Wednesday 24 May 2017

Seamus Coffey: Welfare and public service sectors will be the keys in a tough and daunting 2012

Photo: Thinkstock
Photo: Thinkstock

IRELAND is heading for a general government debt of around €200bn by 2014. One-quarter of this is as a result of bailing out the banks. One-half is due to the need to borrowing beginning in 2008 to fund government expenditure on social welfare, public sector pay and other goods and services, while we brought the final quarter of this debt with us into the crisis. This debt was largely the overhang from the last fiscal crisis in the 1980s. The debt was never repaid but its significance was reduced by growth and inflation.

This is a huge debt level but one that is on the border of sustainability. It is likely that a debt of €200bn can be carried from 2014 but it will be difficult. Just like the debt from the 1980s we have little ambition to actually pay this off. The aim is to service the debt by paying the interest and hope that, in time, growth and inflation will reduce the burden of doing so.

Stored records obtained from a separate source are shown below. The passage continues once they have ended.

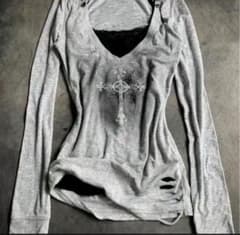 長袖カットソー ビーズ装飾 グランジ y2k archive 平成 y2k ゼブラ柄ピースマーク ロンT 平成ギャル フェアリーグランジ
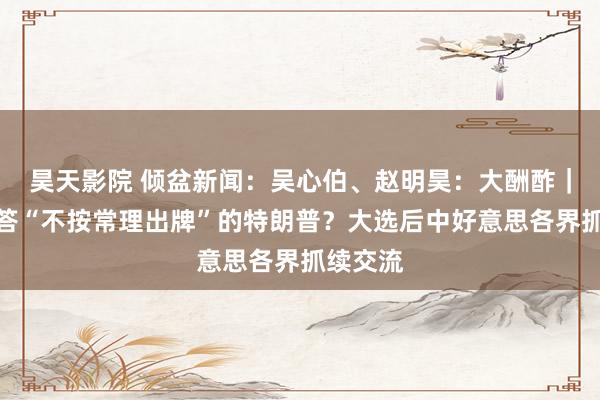 昊天影院 倾盆新闻：吴心伯、赵明昊：大酬酢｜如何应答“不按常理出牌”的特朗普？大选后中好意思各界抓续交流
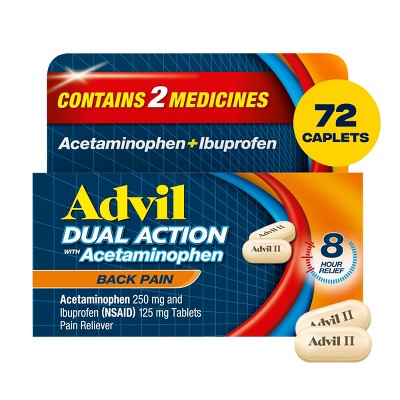 Advil Ibuprofen Dual Action NSAID Back Pain Reliever Caplet - 72ct *Exp 01/28*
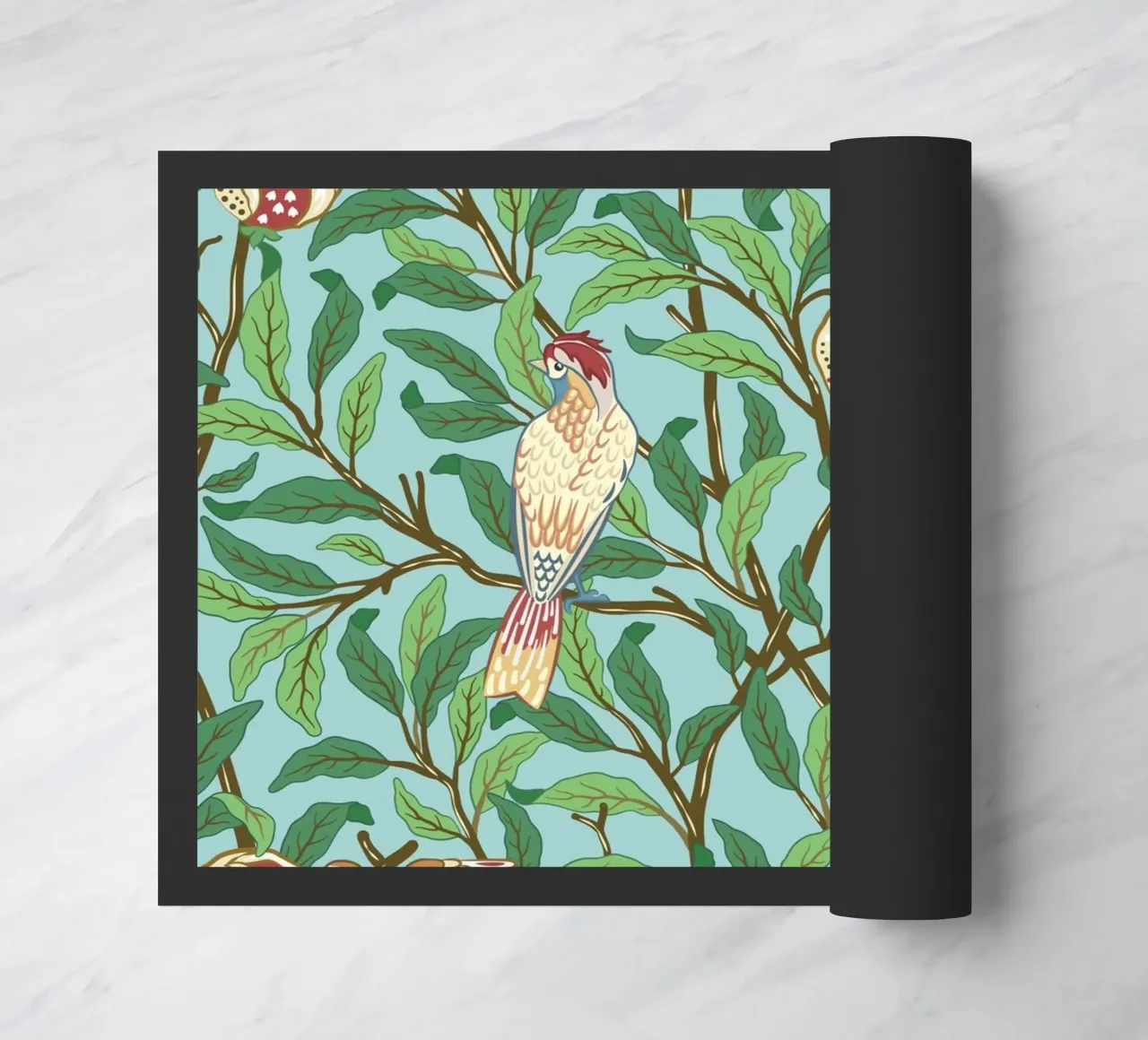 William Morris Prints, Botanical Wall Art, Bird Print Decor doormat by ArtHaus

At the start of 2011 it seemed that even this was a goal that was unattainable. At that time there were some forecasts that the debt would reach €250bn by 2014 and even the IMF were forecasting a debt of around €225bn by 2014. The interest costs on this level of debt could not be managed by the State. The debt would not be brought under control as we would have to borrow continually just to meet the interest payments so the level of debt would rise inexorably.